═══ MATERIAL SUPPLIED

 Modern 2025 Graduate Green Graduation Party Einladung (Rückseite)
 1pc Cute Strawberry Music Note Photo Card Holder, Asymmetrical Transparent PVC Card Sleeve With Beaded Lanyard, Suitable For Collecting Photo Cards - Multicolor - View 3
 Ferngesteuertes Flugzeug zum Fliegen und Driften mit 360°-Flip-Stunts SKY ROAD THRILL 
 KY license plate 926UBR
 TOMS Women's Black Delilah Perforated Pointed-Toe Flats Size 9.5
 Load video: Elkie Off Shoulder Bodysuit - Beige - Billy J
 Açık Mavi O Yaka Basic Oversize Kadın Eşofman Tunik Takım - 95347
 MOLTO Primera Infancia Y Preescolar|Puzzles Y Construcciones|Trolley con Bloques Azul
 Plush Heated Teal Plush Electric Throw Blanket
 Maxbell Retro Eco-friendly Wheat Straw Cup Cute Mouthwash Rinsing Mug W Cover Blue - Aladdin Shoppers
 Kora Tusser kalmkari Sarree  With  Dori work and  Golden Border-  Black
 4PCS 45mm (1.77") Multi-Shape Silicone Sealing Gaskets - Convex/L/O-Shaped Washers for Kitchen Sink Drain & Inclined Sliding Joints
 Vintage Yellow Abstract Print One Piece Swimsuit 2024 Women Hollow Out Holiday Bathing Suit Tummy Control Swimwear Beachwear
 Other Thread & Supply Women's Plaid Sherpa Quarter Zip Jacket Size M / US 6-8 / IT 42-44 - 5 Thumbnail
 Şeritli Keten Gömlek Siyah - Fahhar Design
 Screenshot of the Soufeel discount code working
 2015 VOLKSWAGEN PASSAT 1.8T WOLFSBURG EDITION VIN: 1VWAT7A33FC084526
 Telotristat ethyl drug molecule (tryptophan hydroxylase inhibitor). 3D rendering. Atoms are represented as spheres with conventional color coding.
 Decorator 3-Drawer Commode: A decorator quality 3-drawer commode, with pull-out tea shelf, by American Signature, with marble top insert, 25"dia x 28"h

══════

▶ _TRY IT_
What is needed is an exact repetition of all the entries above.

▶ _WRITTEN ANSWER_
 Modern 2025 Graduate Green Graduation Party Einladung (Rückseite)
 1pc Cute Strawberry Music Note Photo Card Holder, Asymmetrical Transparent PVC Card Sleeve With Beaded Lanyard, Suitable For Collecting Photo Cards - Multicolor - View 3
 Ferngesteuertes Flugzeug zum Fliegen und Driften mit 360°-Flip-Stunts SKY ROAD THRILL 
 KY license plate 926UBR
 TOMS Women's Black Delilah Perforated Pointed-Toe Flats Size 9.5
 Load video: Elkie Off Shoulder Bodysuit - Beige - Billy J
 Açık Mavi O Yaka Basic Oversize Kadın Eşofman Tunik Takım - 95347
 MOLTO Primera Infancia Y Preescolar|Puzzles Y Construcciones|Trolley con Bloques Azul
 Plush Heated Teal Plush Electric Throw Blanket
 Maxbell Retro Eco-friendly Wheat Straw Cup Cute Mouthwash Rinsing Mug W Cover Blue - Aladdin Shoppers
 Kora Tusser kalmkari Sarree  With  Dori work and  Golden Border-  Black
 4PCS 45mm (1.77") Multi-Shape Silicone Sealing Gaskets - Convex/L/O-Shaped Washers for Kitchen Sink Drain & Inclined Sliding Joints
 Vintage Yellow Abstract Print One Piece Swimsuit 2024 Women Hollow Out Holiday Bathing Suit Tummy Control Swimwear Beachwear
 Other Thread & Supply Women's Plaid Sherpa Quarter Zip Jacket Size M / US 6-8 / IT 42-44 - 5 Thumbnail
 Şeritli Keten Gömlek Siyah - Fahhar Design
 Screenshot of the Soufeel discount code working
 2015 VOLKSWAGEN PASSAT 1.8T WOLFSBURG EDITION VIN: 1VWAT7A33FC084526
 Telotristat ethyl drug molecule (tryptophan hydroxylase inhibitor). 3D rendering. Atoms are represented as spheres with conventional color coding.
 Decorator 3-Drawer Commode: A decorator quality 3-drawer commode, with pull-out tea shelf, by American Signature, with marble top insert, 25"dia x 28"h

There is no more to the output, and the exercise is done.